Potential energy as a function of $$r$$ is given by $$U = \frac{A}{r^{10}} - \frac{B}{r^5}$$, where $$r$$ is the interatomic distance, $$A$$ and $$B$$ are positive constants. The equilibrium distance between the two atoms will be :

Given the potential energy function $$U = \frac{A}{r^{10}} - \frac{B}{r^{5}}$$ where $$A$$ and $$B$$ are positive constants, the force is the negative derivative of potential energy with respect to $$r$$, so $$F = -\frac{dU}{dr}$$. Computing the derivative gives $$\frac{dU}{dr} = \frac{d}{dr}\left(\frac{A}{r^{10}}\right) - \frac{d}{dr}\left(\frac{B}{r^{5}}\right) = -\frac{10A}{r^{11}} + \frac{5B}{r^{6}}$$. Therefore, $$F = -\frac{dU}{dr} = \frac{10A}{r^{11}} - \frac{5B}{r^{6}}$$.
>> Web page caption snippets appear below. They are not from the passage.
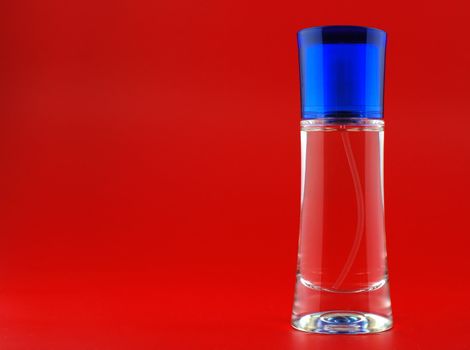 perfume. A bottle perfume on a red background with effective illumination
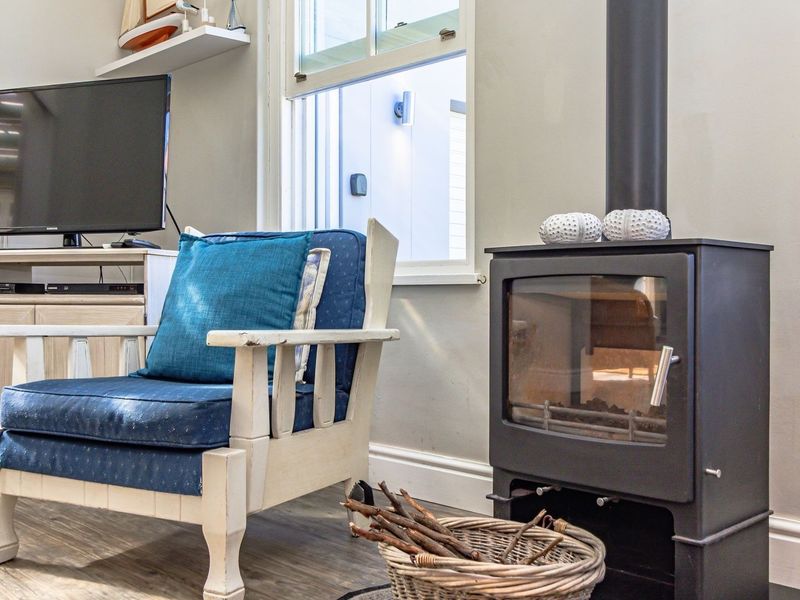 A cozy living room featuring a black wood-burning stove, sash window, and timber-look flooring.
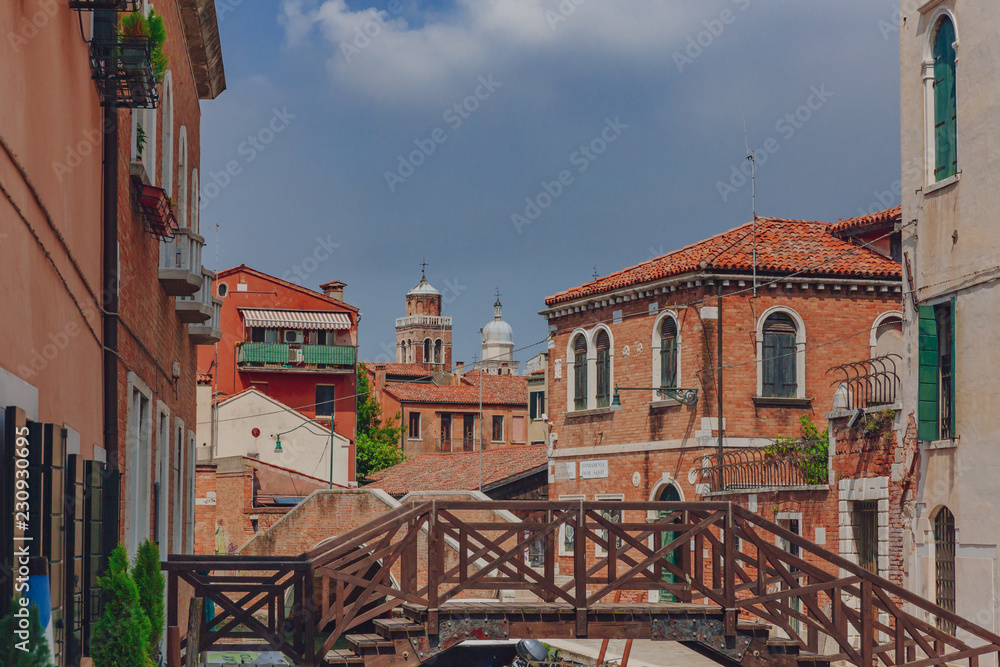 Obraz premium Venetian houses and bridge in Venice, Italy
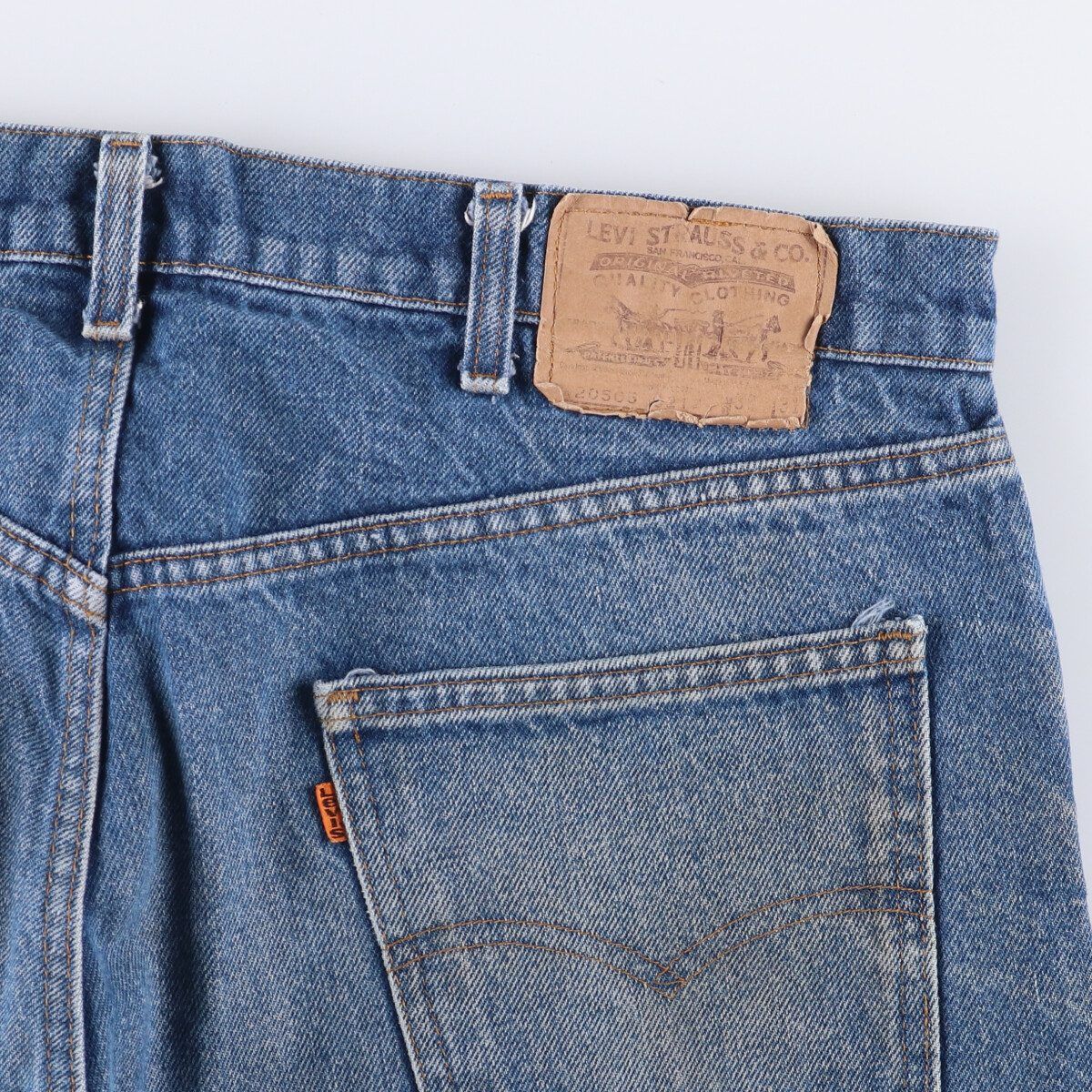 テーパードデニムパンツ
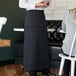 A woman wearing a black Choice full-length bistro apron with pockets standing in front of a table.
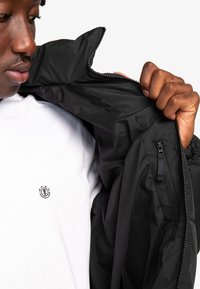 Sort lynlåsjakke med en glat overflade og høj krave, båret over en hvid t-shirt med et lille logo. Inderlommen er synlig.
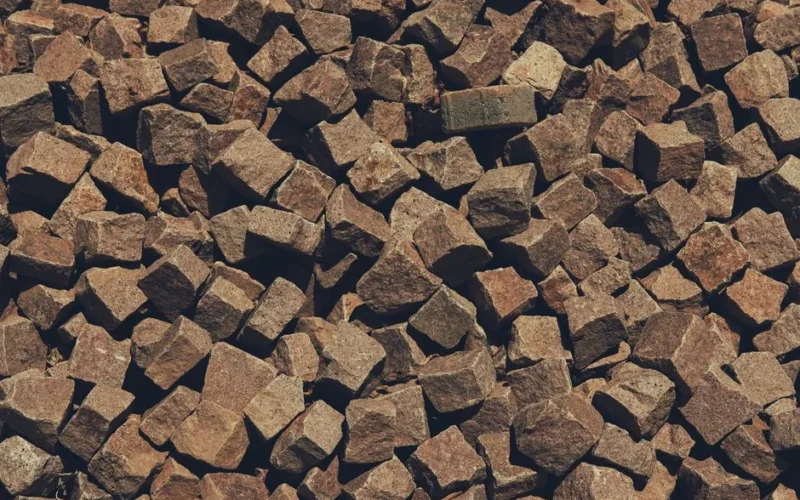 Close-up view of brown cobblestone paving stones in Marrakesh, Morocco, showcasing texture and pattern.
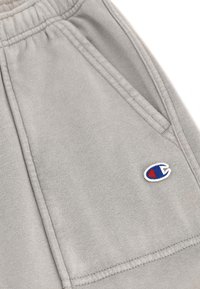 Lichtgrijze sweatshorts met een elastische tailleband, zijzakken en een klein geborduurd logo met rode en blauwe accenten. Zachte textuur.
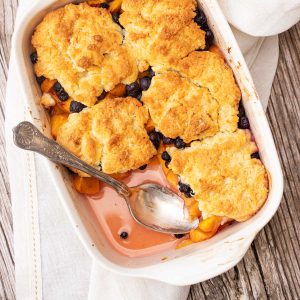 Overview of white dish with silver spoon containing blueberry peach cobbler on white linen and wooden table.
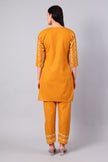 Back view of sunlit amber Kashmiri Aari co-ord set for women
At equilibrium, the net force is zero ($$F = 0$$), leading to $$\frac{10A}{r^{11}} = \frac{5B}{r^{6}}$$. Multiplying both sides by $$r^{11}$$ yields $$10A = 5B \cdot r^{5}$$, so $$r^{5} = \frac{10A}{5B} = \frac{2A}{B}$$ and hence $$r = \left(\frac{2A}{B}\right)^{\frac{1}{5}}$$. The equilibrium distance between the two atoms is $$\left(\frac{2A}{B}\right)^{1/5}$$. The correct answer is Option C.